Only a few yards farther inland lies Adams Marine, a boat dealership and repair shop whose owners now want to expand. Looking across the marsh toward the Sacramento River, however, reveals nothing but open space and the purple silhouette of Mt. Diablo.
For several years, the city has resisted selling the waterfront parcel just beyond the end of the boat slips, but is now considering letting it go. Mayor Jim Spering and senior staffers met with Bill Adams, owner of Adams Marine, last year to discuss terms of a sale.
Adams and Scaff worked out an arrangement that would allow Adams to expand his business to a certain point and give Scaff the room he needed to construct a two-story building right on the water. They would invest more than $3.5 million in the project, they said.
But just as Adams thought he had a deal in hand to buy the waterfront property and the leased land on which his business rests, the secret was blown; another development firm made a bid for the land.

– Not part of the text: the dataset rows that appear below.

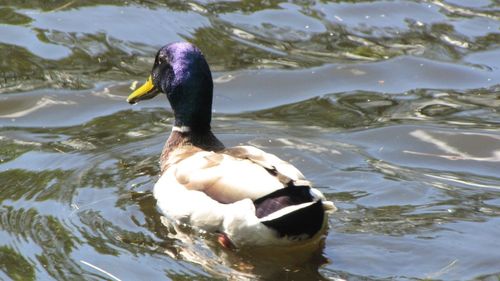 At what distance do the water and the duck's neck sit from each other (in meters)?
0.23

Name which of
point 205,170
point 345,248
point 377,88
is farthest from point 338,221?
point 377,88

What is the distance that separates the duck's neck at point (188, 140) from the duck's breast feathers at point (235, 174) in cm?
54

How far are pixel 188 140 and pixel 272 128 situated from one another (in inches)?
41.2

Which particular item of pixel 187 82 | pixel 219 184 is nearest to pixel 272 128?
pixel 187 82

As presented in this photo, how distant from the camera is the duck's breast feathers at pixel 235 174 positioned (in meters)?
7.54

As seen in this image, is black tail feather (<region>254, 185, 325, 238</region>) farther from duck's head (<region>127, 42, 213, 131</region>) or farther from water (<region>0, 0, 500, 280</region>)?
duck's head (<region>127, 42, 213, 131</region>)

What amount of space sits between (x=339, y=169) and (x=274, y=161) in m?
1.23

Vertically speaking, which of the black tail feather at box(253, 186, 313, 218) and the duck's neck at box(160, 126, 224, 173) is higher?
the black tail feather at box(253, 186, 313, 218)

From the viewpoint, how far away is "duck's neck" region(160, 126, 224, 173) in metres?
9.14

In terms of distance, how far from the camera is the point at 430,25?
1223 centimetres

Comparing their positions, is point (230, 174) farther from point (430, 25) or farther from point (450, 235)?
point (430, 25)

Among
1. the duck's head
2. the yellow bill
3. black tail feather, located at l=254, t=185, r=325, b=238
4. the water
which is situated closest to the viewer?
black tail feather, located at l=254, t=185, r=325, b=238

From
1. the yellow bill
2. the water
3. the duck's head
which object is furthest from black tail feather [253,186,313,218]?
the yellow bill

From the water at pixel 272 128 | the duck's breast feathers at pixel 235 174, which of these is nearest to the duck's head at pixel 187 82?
the water at pixel 272 128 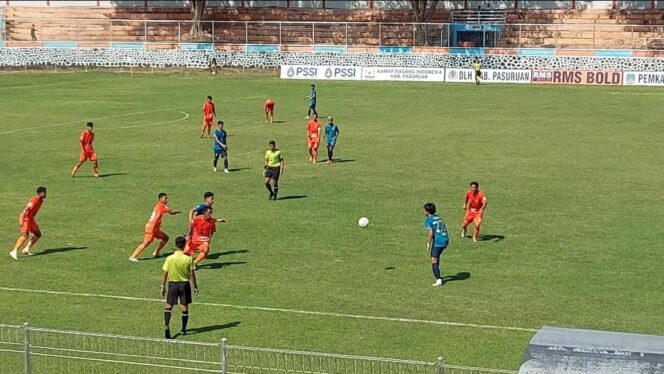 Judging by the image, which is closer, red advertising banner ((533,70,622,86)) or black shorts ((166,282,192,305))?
A: black shorts ((166,282,192,305))

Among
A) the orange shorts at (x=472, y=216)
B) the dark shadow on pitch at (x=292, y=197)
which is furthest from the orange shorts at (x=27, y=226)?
the orange shorts at (x=472, y=216)

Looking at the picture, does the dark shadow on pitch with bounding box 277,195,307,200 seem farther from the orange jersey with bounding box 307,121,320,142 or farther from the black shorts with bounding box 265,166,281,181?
the orange jersey with bounding box 307,121,320,142

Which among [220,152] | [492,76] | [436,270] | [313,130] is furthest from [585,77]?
[436,270]

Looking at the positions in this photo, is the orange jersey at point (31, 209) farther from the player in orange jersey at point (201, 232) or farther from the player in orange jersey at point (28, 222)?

Development consortium Ballman, Jensen and Pitcher came forward with a vision of eight executive homes with designated work spaces on the bottom floor. Similar live-work spaces in the adjacent Promenade subdivision sell for upwards of $1 million.
Right now, the city hasn't given its full support to either proposal. But some members of the City Council have said Adams should at least get a chance to expand his business. After all, Spering said, he's already invested there.
But Ballman, Jensen and Pitcher are doing all they can to open the city's ears to their proposal to build homes on the land. They unveiled their design plans to the City Council last week.
Jim Pitcher said his group needs the entire waterfront parcel, including the portion for the Adams Marine expansion, to make the residential development feasible. His partners agreed, and said the city should resist playing favorites and instead choose the project that makes the most sense.
"We're not interested in public property being wheeled and dealed to one party," James Jensen said. "Both projects need an equal opportunity."
Adams feels he should get first dibs because he's been offering to buy it ever since he opened the boat shop six years ago. But he also realizes land deals with government agencies don't always hinge on his style of logic.
"What we've got right now is a vision," he said. "If the city can get behind it, it's going to happen. If they don't, it won't."
Both factions say something should be built on the remaining waterfront property to spur economic growth in that part of town. They have different opinions, however, on what type of development would attract more attention to the area.
To John Scaff, the real estate investor who also manages Pacific Security Realty in Fairfield, the answer is obvious.
"You bring in a nationally known restaurant, with a lounge upstairs and porches hanging over the water, people from the Bay Area will say, 'Hey, let's go up to Suisun and spend a few days there.' It's becomes a destination," he said. "But it needs something great to anchor it."
Scaff and Adams say they could start construction as early as November, if the city is willing.
The whole thing could open for business in two years, Scaff said.
"The city is always talking about not having enough money, and this would bring in revenue right now and every year afterward," Adams said with a glance toward the open space preserves west of Suisun City. "It's time to finish off the waterfront."